Risks and Rewards for Cities Big and Small
Northeast Asia has a new smart and green city at its crossroads: Songdo, South Korea. At the heart of Songdo is its International Business District, globally recognized as the world’s foremost sustainable city-scale development and the host of the NewCities Summit 2017.
Songdo has become the first city in the world to receive pre-certification from the United States Green Building Council’s new LEED for Communities Program. Commissioner of the Incheon Free Economic Zone (IFEZ), Young-geun Lee, accepted the award on the third day of the Summit as hundreds of urban experts and business leaders watched on at Songdo’s ConvensiA Convention Centre — fittingly, the first LEED-certified exhibit hall in Asia.
Here are some of the other highlights from the final day of the NewCities Summit 2017.
Small Cities, Big players
City governments and public service providers must be able to efficiently meet the ever-changing needs of their citizens, whether it is a sudden phenomenon or a gradual trend. How can adaptability and resilience be built into traditional city services?
Lianne Dalziel, Mayor of Christchurch, New Zealand threw light on how resilience came from its small population following the devastating earthquakes that hit her city in 2010 and 2011: “Christchurch is small enough to fail but good enough to succeed,” she said.
Mid-sized cities, as well as greenfield cities, can also be experimental in their urban services and processes. Jimmy Kim, President of N3N and Co-founder and Partner at Sparklabs spoke about the freedoms of non-megacities and how this served the success of his startup in Songdo. “Usually big cities have a lot of so-called legacy issues,” he said.
Policymakers must also ensure small communities are connected globally. Anthony Fernandes, CEO of AirAsia, seeks to stimulate mid-sized cities by adding them to his international flight network. “We have over 200 aircraft at AirAsia and what is important is that a lot of them reach secondary and tertiary cities in the continent,” he said.
Mr. Fernandes and Elisabeth Le Masson, Delegate for Economic promotion and Jobs Creation at Aéroports de Paris, led the discussion on urban connectivity by air while ENGIE’s Olivier Biancarelli discussed urban connectivity through energy services. Roshaan Wolusmal, Mayor of Kandahar, contextualized this discussion in Afghanistan, where the new Silk Road project opens new possibilities for connectivity. “There is no real magic number,” Mr. Fernandes added, “any connectivity is good.”
Healthy Must Rhyme with Inclusivity
Thriving cities must include all types of citizens into all domains of the city. Archana Vemulapalli, Chief Technology Officer of the city of Washington D.C., emphasized inclusivity as a cardinal value for cities: “This is an issue that is timely but also timeless.” Public spaces are the heart of a city where human interactions, leisure, culture, and arts meet. Animating public spaces requires thinking, planning and collaboration. Vera Baboun, Former Mayor of Bethlehem placed inclusivity in the physical space: “Parks are open spaces and are open to everyone.

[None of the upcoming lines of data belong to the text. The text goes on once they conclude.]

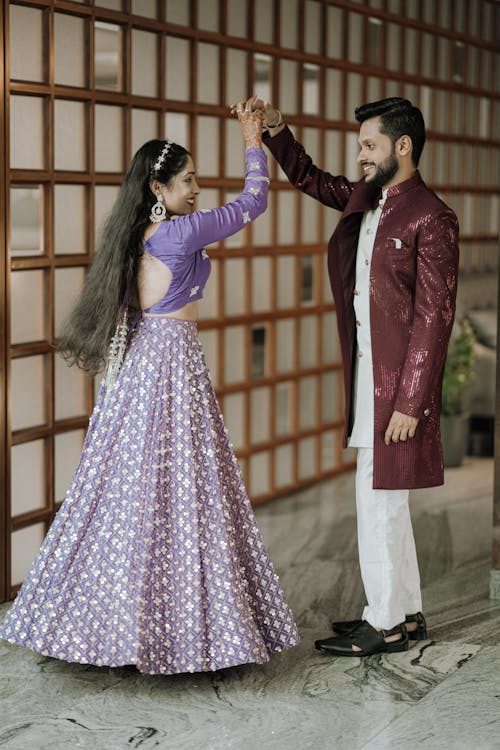 A man and woman in purple and white outfits dancing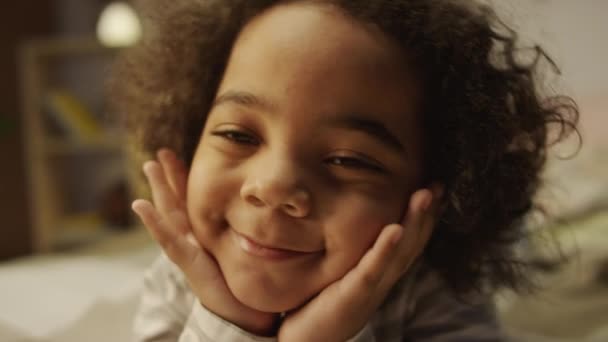 Primo piano ritratto di felice attivo afroamericano dai capelli ricci ragazzo in pigiama appoggiando la testa con le mani e poi ridere e sorridere mentre sdraiato sullo stomaco in camera da letto - Filmati, video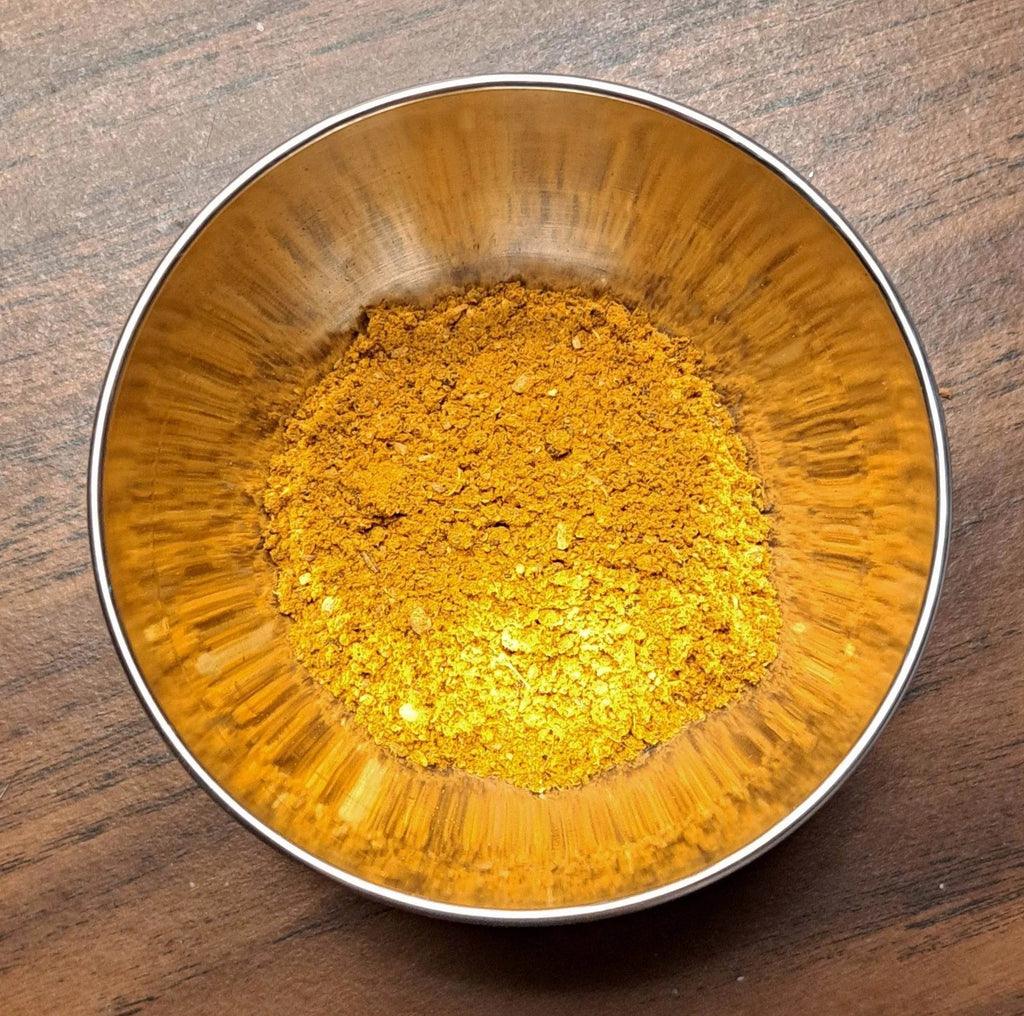 Metallic bowl filled with Curry powder on a wooden surface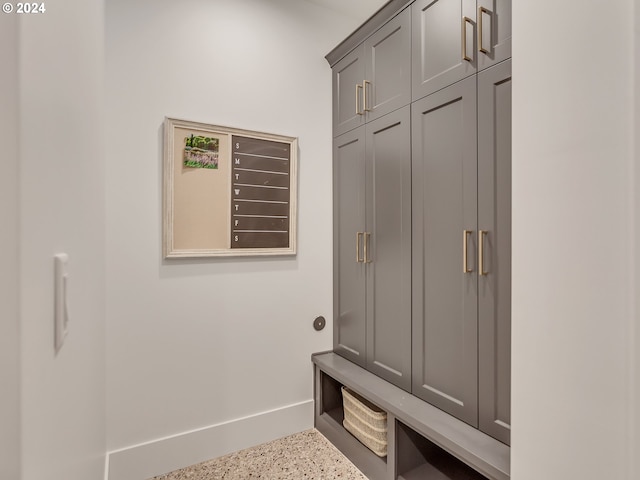 mudroom featuring a mail area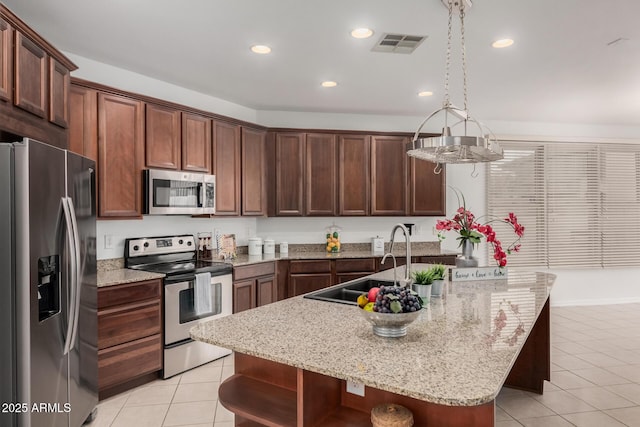 kitchen featuring appliances with stainless steel finishes, light stone counters, sink, light tile patterned floors, and a center island with sink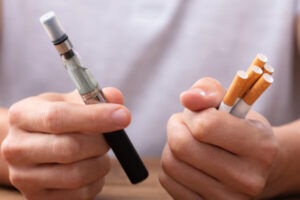 Is Vaping Worse than Smoking? A close up shot of a vaping pen in one hand and five cigarettes in the other.
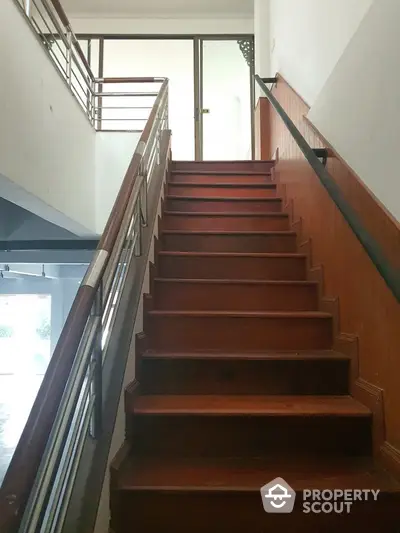 Spacious stairway with wooden steps and metal railings in modern building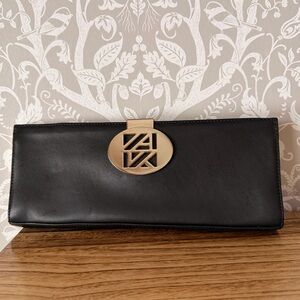 Anne Klein Vintage Black Smooth Leather Medallion Framed Clutch Gold Hardware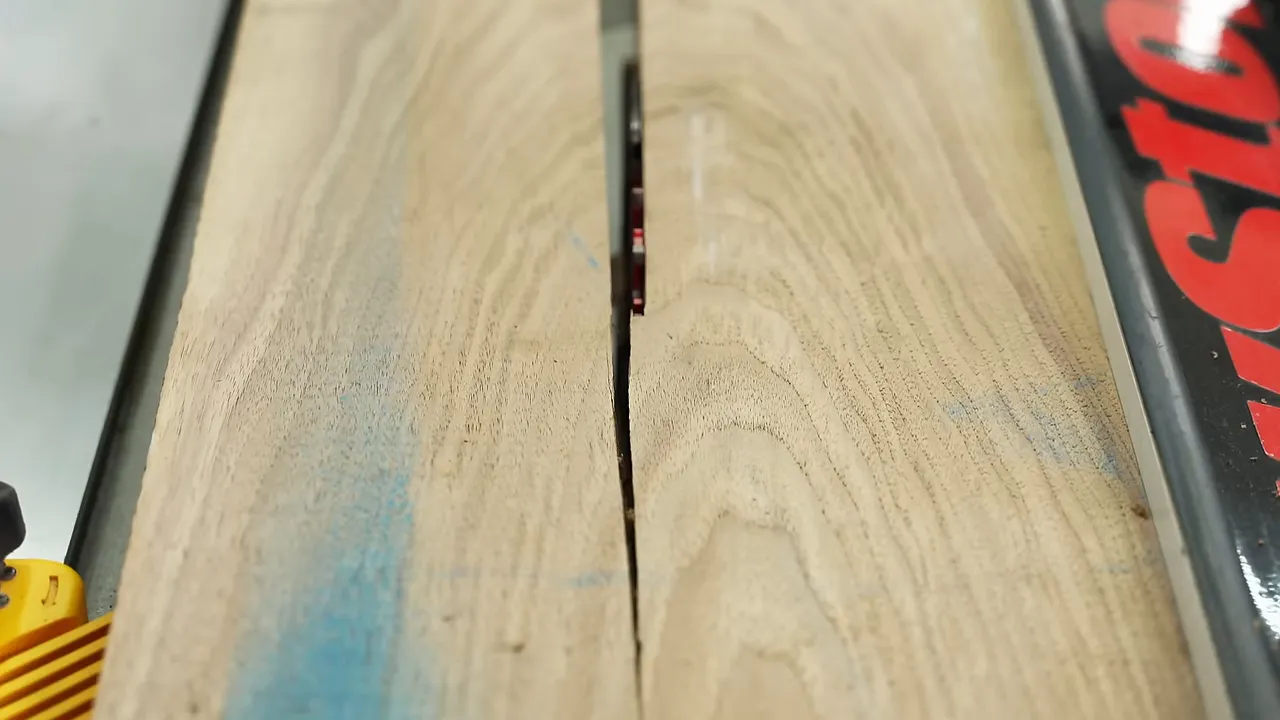 Long split running through a walnut board on the table saw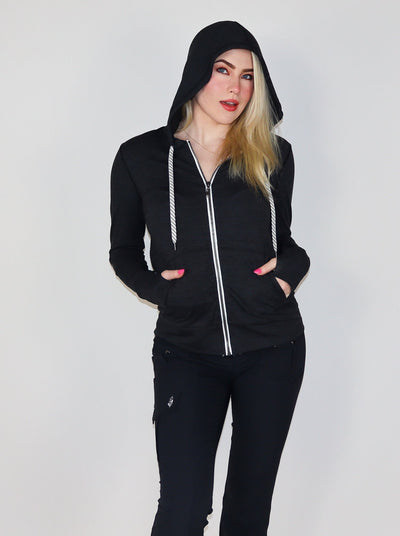Model is wearing a deep charcoal colored fitted zip up with white trimming and white drawstrings.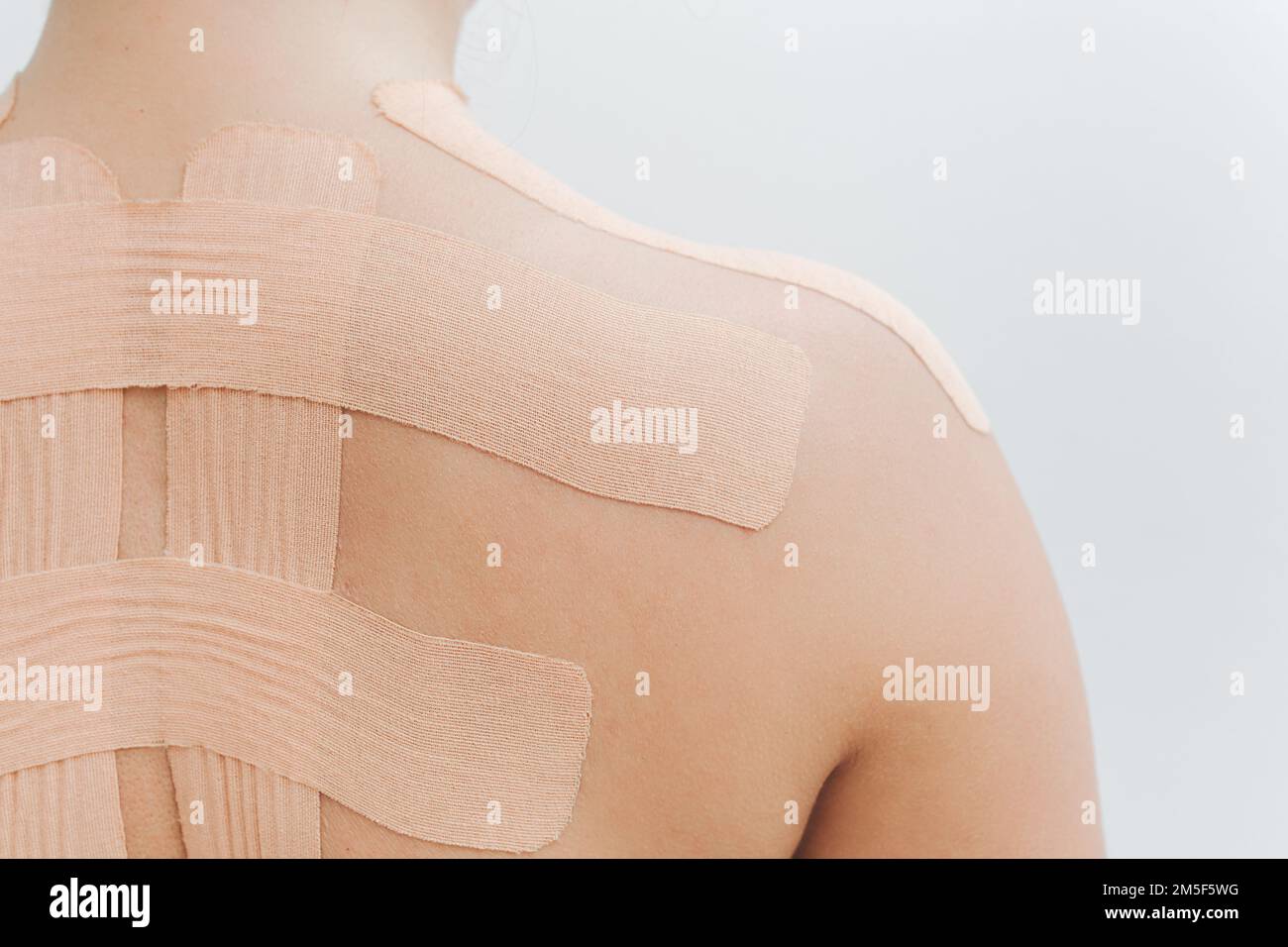 Therapy with kinesio tex tape. Woman with kinesiology tape on back and  shoulder. Isolated on white background Stock Photo - Alamy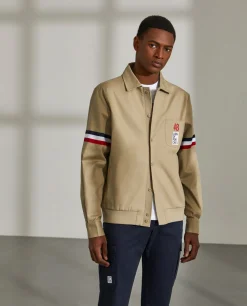 Blusão de algodão com pormenor de riscas e bolso no peito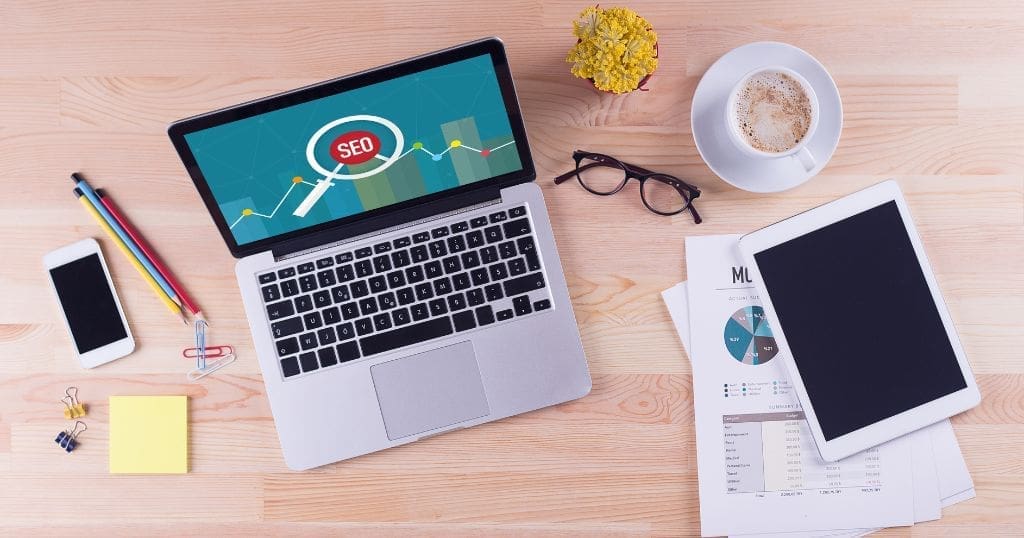 A computer on a desk has a web page about SEO on screen.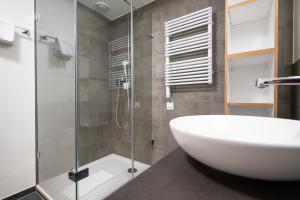 a bathroom with a sink and a glass shower at Hotel Ochsen - Self Check-in in Uster +97 photos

To make them inclusive is very important.”
John Rossant, NewCities Chairman concluded the sixth edition of the NewCities Summit with a call to build healthy cities for the long-term: “It will require a new way of thinking about cities and development that puts interests of citizens at the forefront of design for all cities around the world.” Here, throughout the Summit, this new way of thinking was catalyzed through debate and discussion between key players in the cities as they return to their home cities around the world and consider ways to make them better both today and in the future.